Also in 2014, Stag-O-Lee Records (Germany) compiled a double album of Falco's favorites from his personal music collection, released as Tav Falco's Wonderful World Of Musical & Exotic Obscurities. Falco contributed to the varied artists album a liner notes essay and a Panther Burns song called "Real Cool Trash," which The Wire likened to "the rock 'n' roll energy" of The Cramps. The Wire described the album styles as ranging from rockabilly to "far-flung genres" that include "tangos, waltzes, and concertina music."

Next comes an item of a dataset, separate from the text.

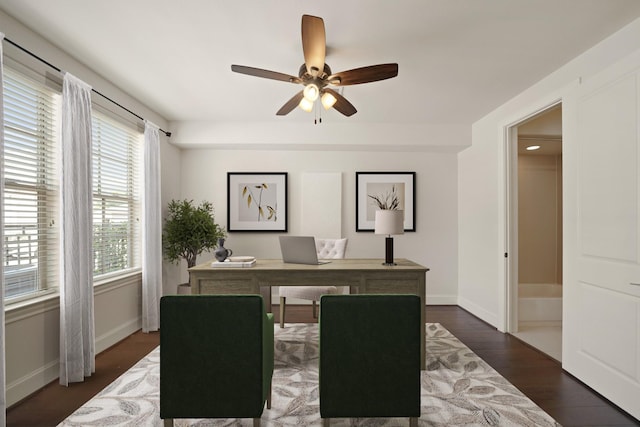 1317 Roy St, Houston, TX 77007 - office with a ceiling fan, wood finished floors, and baseboards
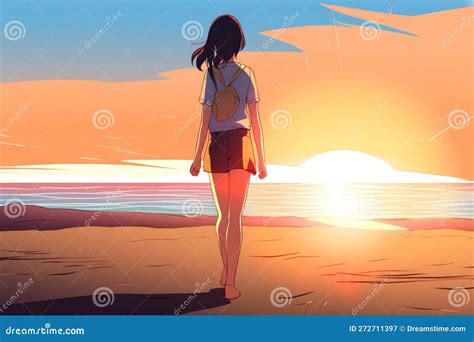 Solitary Stroll Beautiful Anime Girl Walking Towards The Setting Sun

In 2022, Tav Falco's Panther Burns undertook an extensive US Tour, which began in August 25 in San Francisco and featured dates in 34 US cities. On the Nashville stop of the tour, the band recorded a live-in-the-studio session at Bridgestone Arena Studios. The session was recorded 27 September 2022, and was initially broadcast as "Cabaret of Daggers Special" on SiriusXM Outlaw Country (Channel 60). Org Music then released the sessions as the album Nashville Sessions: Live at Bridgestone Arena Studios in 2023. Soon after the release of Nashville Sessions, Tav Falco Panther Burns embarked on yet another US tour, entitled the "Ride the Snake Tour". This time the tour started on 28 September 2023 in New Haven, Connecticut, and finished in Los Angeles on 21 October 2023.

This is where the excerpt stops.